A Review Of Jonathan Wilson’s The Outsider

by Richard Brook

Apart from being one of the best football books I have read in a long time The Outsider, written by Jonathan Wilson, is a book about goalkeepers by goalkeepers, for… well anyone really. While people who have voluntarily or otherwise stalked a penalty area in the role of outcast custodian will find themselves subconsciously nodding and laughing their confirmations. Those who prefer to use their feet when playing a sport called football, will gain a considerable amount of insight into the kind of character that would sooner stop a goal than score one.  Much of the content of the book is told in quotes by the great and sometimes not-so-great goalkeepers of history. Also while you might know Jonathan Wilson editor of The Blizzard and writer for The Guardian, Sports Illustrated and World Soccer, having read this wonderful book I now know Jonathan Wilson heroic school goalkeeper in a hockey match against Whickham.

This personal anecdote used to illustrate that feeling, when playing sport and all those around you are losing their heads, of absolute tranquillity, and absolute certainty that it is all within your control. It is a clever opening to the book, immediately the reader is disarmed, and at once connected to the author. Immediately the reader is transported back to their first slow-motion moment on a sports field too. Mine was playing football for 7th Rugby (Bilton) Cub Scouts, for whom, would you believe, I was a goalkeeper.

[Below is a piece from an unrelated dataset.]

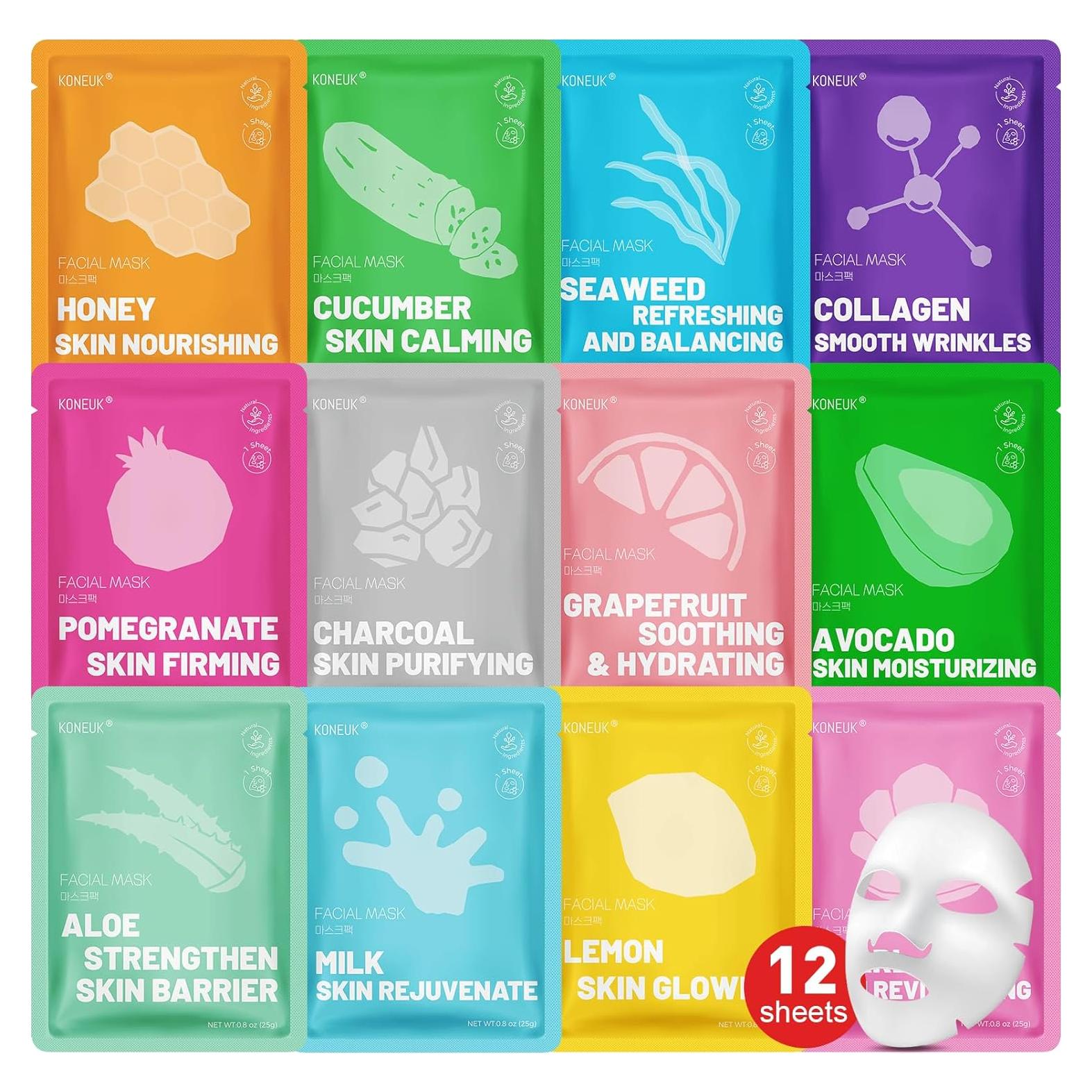 Set de 12 Mascarillas Faciales Hidratantes Colágeno - Cuidado Piel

I forget which of the other Rugby Scout Groups we were pitted against on the day in question but I do remember it being bitterly cold. Too cold to be playing in goal in a 0-0 draw with little action in and around the penalty area. Stretching and jogging to keep warm while keeping my ten-year-old attention span focussed in case I was called upon to spring into action. Time was almost up by the time I had to make a meaningful contribution. The opposition striker was running through the channel between right-back and centre-back with the ball, until said centre-back put an untimely end to the advance and conceded a free-kick. I covered my right hand post and lined up my wall to cover it, before taking up a position left of centre with a defender on the left-hand post. A forward took up a position to the right of centre about 8 yards from goal. I was yelling at someone to mark him, but no-one moved. In fact all my yelling did was make the free-kick taker aware of the target, I saw his eyes glint as he realised and chipped the ball over the wall presenting the forward with a volleyed chance. I had no option, has his leg pulled back and after two quick steps to the right I flung myself down the line his leg was kicking, had he mis-kicked even slightly I would have been beaten, but he middled it. I stretched as fully as possible and felt the dull, firm thud of the ball against my right palm as I pushed the shot onto the face of the post. It rebounded back in to my grateful arms and as it did so the world began to move at a normal pace again, sounds apart from the birds and my heart beat returned, and my team got the draw.

From the moment of reading Wilson’s anecdote of that type of experience, the audience is reassured that author and reader share a common appreciation, of that sensation in any sport and one begins to understand the author’s respect for the goalkeeper.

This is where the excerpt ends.